D.J. Yanssens said stacking and banding the wood allows it to be sold as is to other pallet makers or used by the company when an order calls for it. Iron City Wood also heat treats some of its pallets when necessary, and a lot of the pallets are shipped overseas.

The start of the process of taking apart broken pallets for recycling.

Tina Yanssens said the plant is operating with one shift and employs 50 people. The new equipment, recently purchased from Alliance Automation in Van Wert, Ohio, gives Iron City Wood the capability of processing two and a half times what it used to do with six saws. And it can decrease wood waste by 10%, she said.

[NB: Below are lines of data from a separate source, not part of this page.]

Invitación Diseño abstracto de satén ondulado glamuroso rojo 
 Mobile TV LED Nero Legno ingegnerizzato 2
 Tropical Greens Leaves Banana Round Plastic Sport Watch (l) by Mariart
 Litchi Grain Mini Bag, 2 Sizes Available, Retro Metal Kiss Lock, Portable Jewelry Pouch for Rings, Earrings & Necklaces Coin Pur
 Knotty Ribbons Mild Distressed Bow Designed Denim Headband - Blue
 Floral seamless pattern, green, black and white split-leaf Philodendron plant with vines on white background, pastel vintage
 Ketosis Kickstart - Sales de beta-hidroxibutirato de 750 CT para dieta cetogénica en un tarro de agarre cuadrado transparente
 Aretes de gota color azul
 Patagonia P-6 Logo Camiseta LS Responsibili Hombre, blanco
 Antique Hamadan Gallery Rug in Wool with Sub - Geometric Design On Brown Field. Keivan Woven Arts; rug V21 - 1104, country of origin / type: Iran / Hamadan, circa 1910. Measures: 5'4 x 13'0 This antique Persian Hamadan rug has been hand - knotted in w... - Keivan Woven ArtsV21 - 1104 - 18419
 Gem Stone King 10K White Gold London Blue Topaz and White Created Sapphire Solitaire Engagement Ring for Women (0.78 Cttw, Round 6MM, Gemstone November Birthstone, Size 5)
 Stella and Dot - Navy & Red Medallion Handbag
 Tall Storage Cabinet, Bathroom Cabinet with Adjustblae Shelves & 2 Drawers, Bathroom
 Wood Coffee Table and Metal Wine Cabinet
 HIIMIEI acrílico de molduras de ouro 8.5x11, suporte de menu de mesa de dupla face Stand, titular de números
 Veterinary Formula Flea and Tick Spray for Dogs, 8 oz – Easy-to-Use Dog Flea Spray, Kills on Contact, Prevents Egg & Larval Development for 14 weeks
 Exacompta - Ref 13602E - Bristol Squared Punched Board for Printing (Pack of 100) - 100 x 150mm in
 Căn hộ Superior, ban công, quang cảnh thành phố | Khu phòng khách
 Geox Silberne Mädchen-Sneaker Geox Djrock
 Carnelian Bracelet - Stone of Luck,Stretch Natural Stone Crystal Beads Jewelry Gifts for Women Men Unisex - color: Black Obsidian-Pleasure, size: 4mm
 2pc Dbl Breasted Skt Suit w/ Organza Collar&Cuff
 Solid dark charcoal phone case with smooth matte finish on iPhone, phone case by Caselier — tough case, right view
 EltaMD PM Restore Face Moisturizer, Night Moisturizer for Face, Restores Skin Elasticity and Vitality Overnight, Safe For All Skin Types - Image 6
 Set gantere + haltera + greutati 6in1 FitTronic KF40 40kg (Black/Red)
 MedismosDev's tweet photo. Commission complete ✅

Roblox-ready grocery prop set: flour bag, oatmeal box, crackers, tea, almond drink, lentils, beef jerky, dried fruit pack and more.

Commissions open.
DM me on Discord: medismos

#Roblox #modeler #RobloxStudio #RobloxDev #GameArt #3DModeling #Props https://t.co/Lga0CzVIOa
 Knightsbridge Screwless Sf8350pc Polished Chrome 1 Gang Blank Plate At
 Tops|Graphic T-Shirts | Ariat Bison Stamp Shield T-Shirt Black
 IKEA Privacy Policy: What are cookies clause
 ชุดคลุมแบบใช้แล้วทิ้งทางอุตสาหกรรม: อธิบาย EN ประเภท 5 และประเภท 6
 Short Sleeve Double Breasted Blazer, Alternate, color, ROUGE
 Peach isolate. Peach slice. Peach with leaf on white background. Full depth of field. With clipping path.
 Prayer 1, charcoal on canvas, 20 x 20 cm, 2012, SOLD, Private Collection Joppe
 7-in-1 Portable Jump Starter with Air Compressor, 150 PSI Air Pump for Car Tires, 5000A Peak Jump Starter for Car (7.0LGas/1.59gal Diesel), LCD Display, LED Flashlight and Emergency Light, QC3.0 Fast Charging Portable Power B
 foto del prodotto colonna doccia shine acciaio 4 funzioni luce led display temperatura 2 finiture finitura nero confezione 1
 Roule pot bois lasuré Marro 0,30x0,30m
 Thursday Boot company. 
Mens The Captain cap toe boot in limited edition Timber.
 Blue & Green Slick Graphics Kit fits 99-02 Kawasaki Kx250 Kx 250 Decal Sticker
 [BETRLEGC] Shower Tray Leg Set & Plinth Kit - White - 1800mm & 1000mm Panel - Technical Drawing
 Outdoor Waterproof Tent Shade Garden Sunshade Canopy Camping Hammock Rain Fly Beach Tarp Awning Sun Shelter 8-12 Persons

Employees will have to do less lifting and fewer repetitive motions, which should lead to better safety.

Whatever is left over also is used, D.J. Yanssens said, by processing it into mulch that can be stained black, brown or red or left natural and sold to local landscapers in bulk. Even the nails found in some boards are collected by a machine during the mulching process and scrapped at a metal recycler nearby.

The company aims for zero waste.

Nothing is wasted at Iron City Wood Products, as leftover, unusable pieces of wood are ground into mulch, sometimes dyed and sold wholesale to landscapers. The same machine sorts out the nails, which are sold to a metal recycler.

The Yanssens and employees are still learning all the capabilities of the new equipment. Tina Yanssens said they anticipate there will be continuous training for the next couple of months. Two representatives from Alliance Automation were on hand during the ribbon-cutting to help employees learn and fine-tune the machine.

Once it is operating at full capacity, she believes the company will hire more saw operators and pallet builders, allowing them to be more productive.

Pictured at top: From left are Brandon Yanssens, the owners’ son and part-time employee; Kayla Muslovski, the owners’ niece; DJ Yanssens, co-owner; Tina Yanssens, co-owner; Denise Muslovski, co-founder and president; Danielle Cope, the owners’ daughter; Tucker Cope III, the owners’ son-in-law and safety and production coordinator; and Andrew Yanssens, the owners’ son and project manager.